Data follows below. Repeat exactly the lines between the line holding "珊瑚礁,硬珊瑚,热带,海洋,水下" and the line holding "ICEFANG Tactical Dog", inclusive, and nothing more; drop pictures.

**Given entries:**
[Start of Attachment]

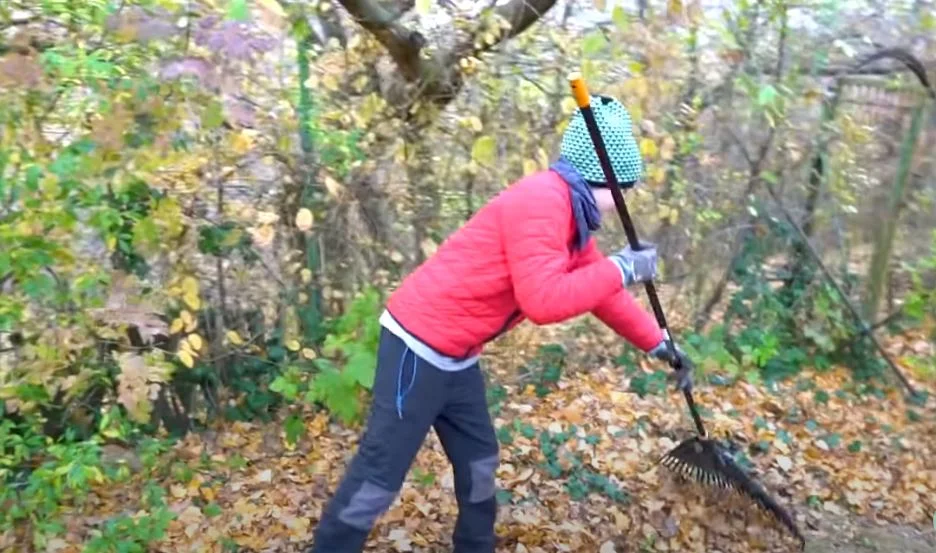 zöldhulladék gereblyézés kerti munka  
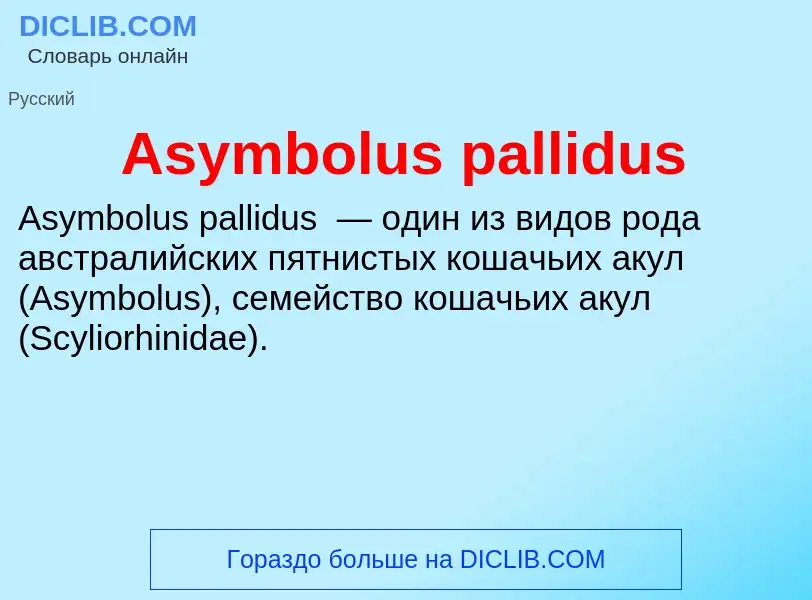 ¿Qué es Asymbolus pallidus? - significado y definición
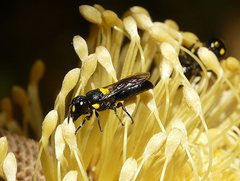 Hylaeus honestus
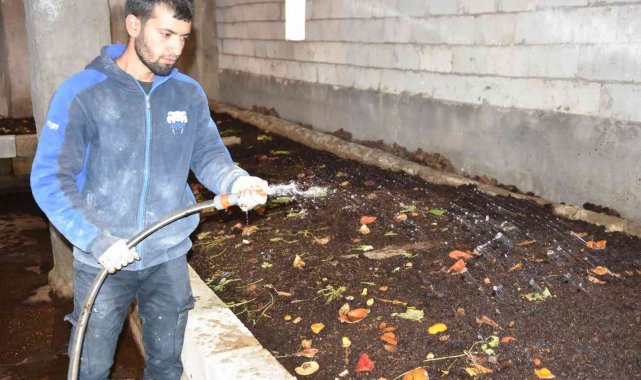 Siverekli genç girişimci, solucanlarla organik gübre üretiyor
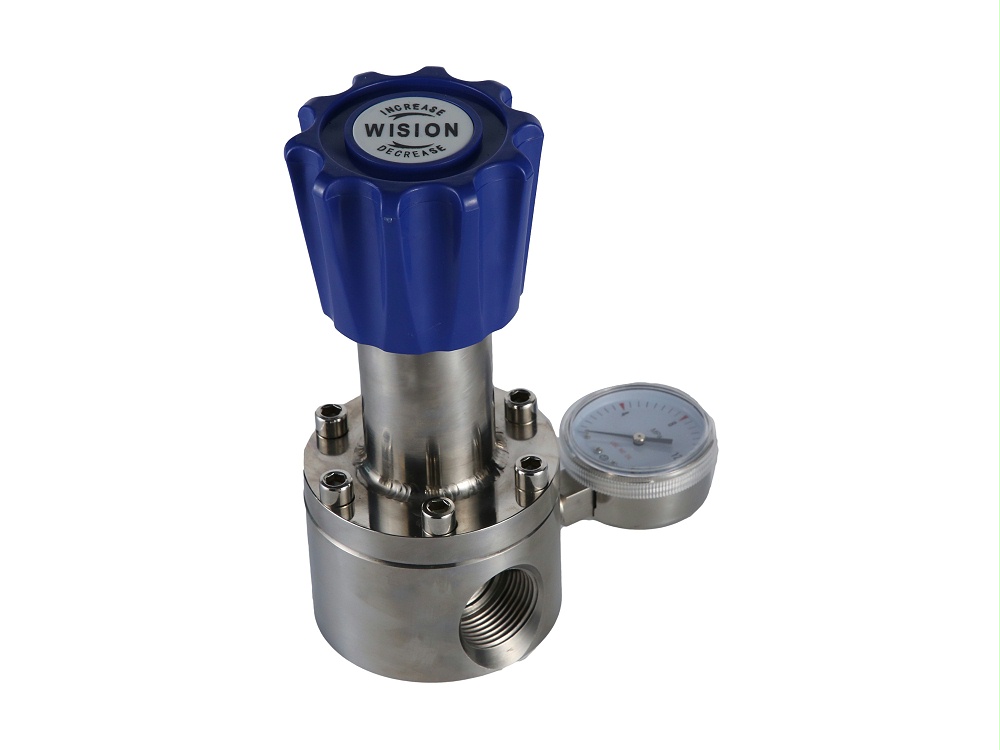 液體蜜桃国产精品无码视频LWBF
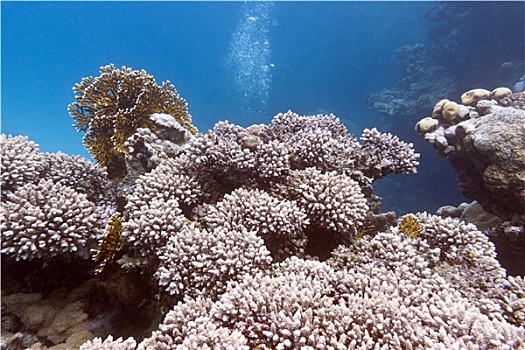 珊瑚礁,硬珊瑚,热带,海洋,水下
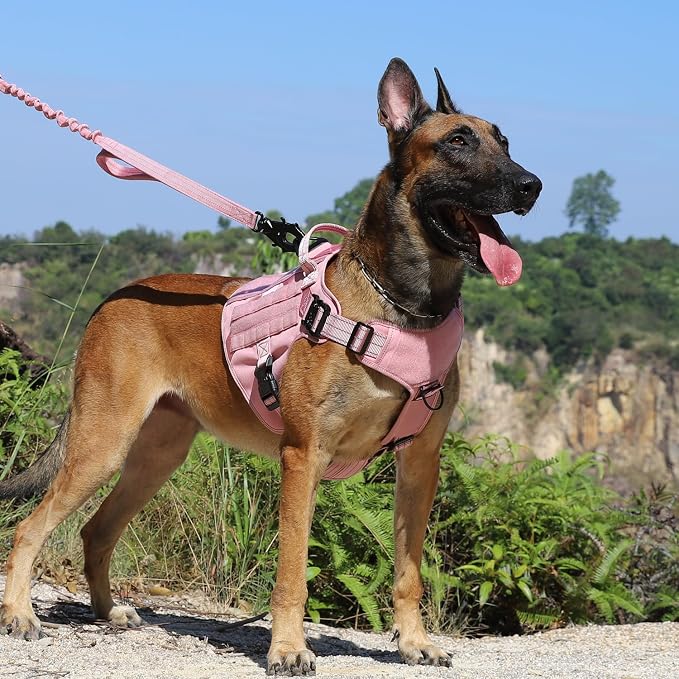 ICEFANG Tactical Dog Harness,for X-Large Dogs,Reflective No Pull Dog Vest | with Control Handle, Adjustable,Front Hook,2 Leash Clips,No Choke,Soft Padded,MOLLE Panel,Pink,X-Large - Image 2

[End of Attachment]
[Start of Attachment]

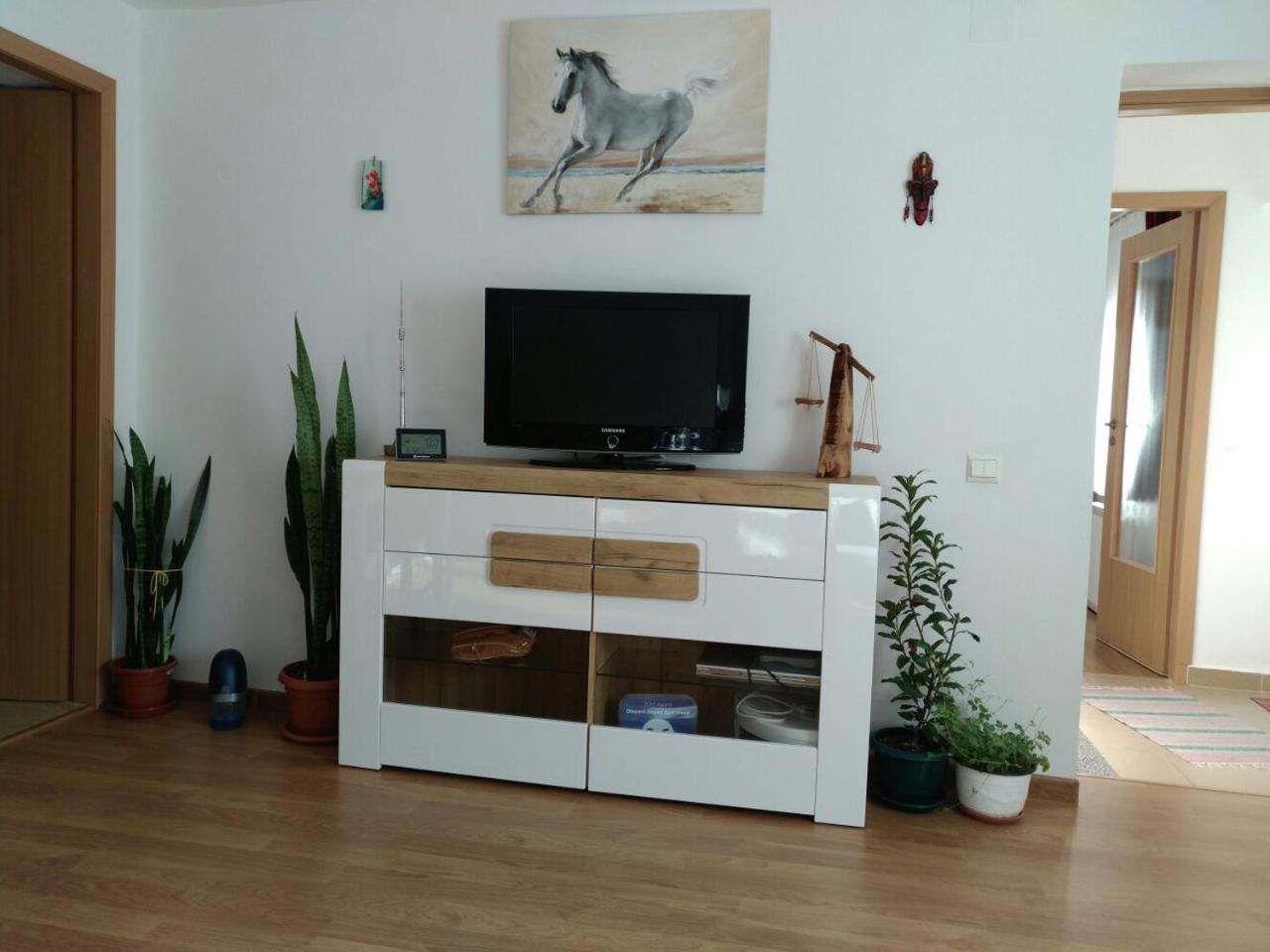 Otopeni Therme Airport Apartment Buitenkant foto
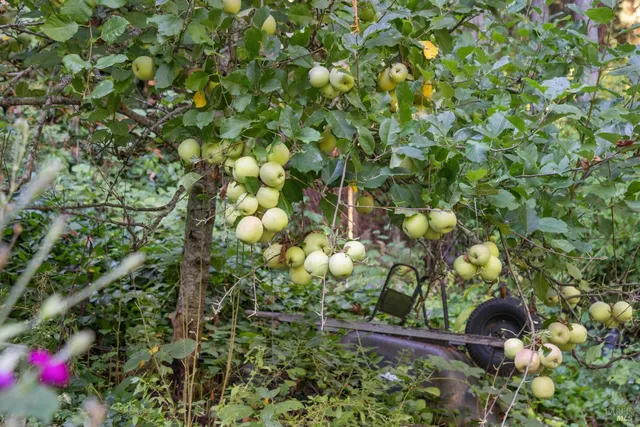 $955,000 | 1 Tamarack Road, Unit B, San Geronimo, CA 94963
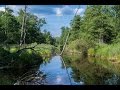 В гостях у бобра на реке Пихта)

[End of Attachment]
[Start of Attachment]

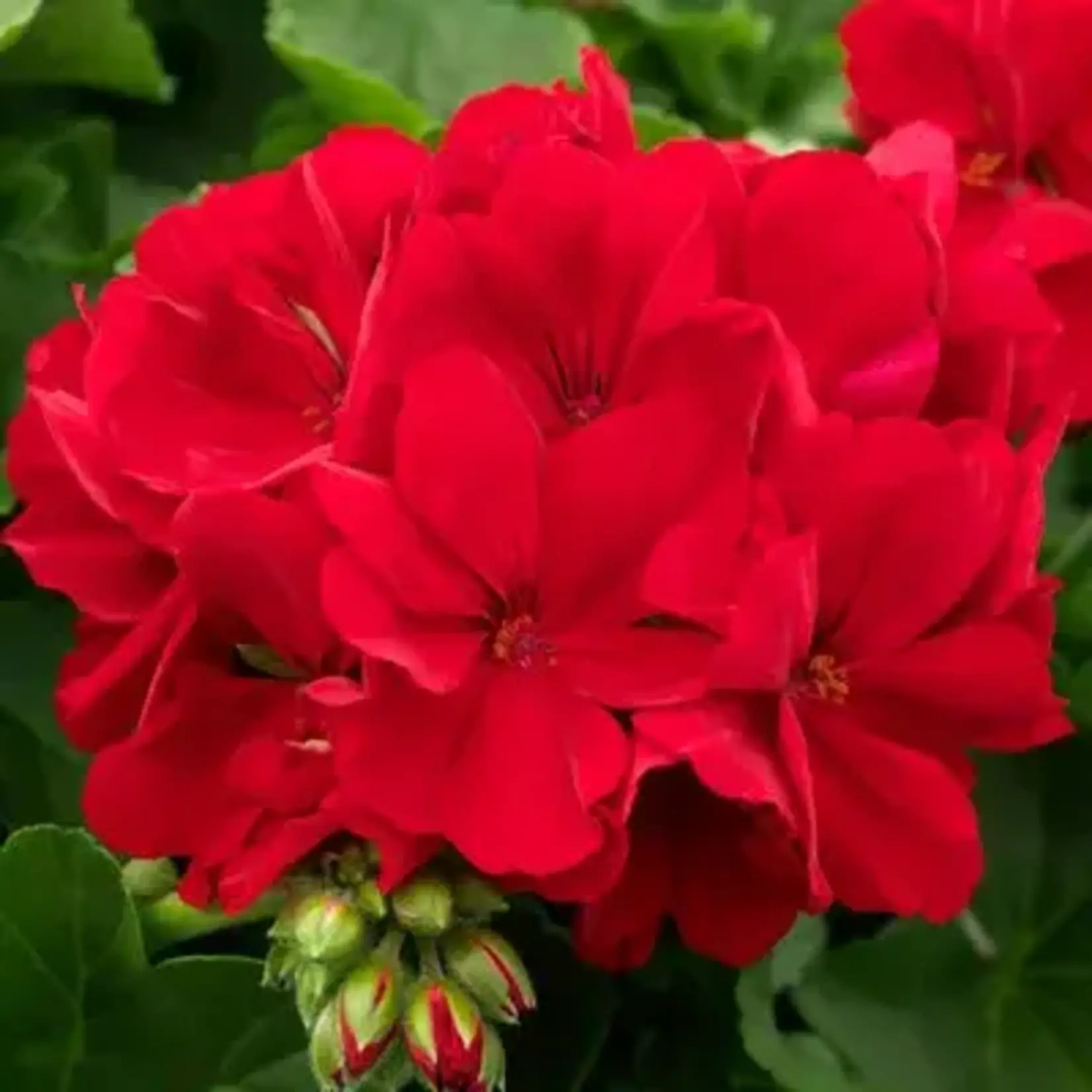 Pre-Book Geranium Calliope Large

[End of Attachment]

**Task solution:**
 珊瑚礁,硬珊瑚,热带,海洋,水下
 ICEFANG Tactical Dog Harness,for X-Large Dogs,Reflective No Pull Dog Vest | with Control Handle, Adjustable,Front Hook,2 Leash Clips,No Choke,Soft Padded,MOLLE Panel,Pink,X-Large - Image 2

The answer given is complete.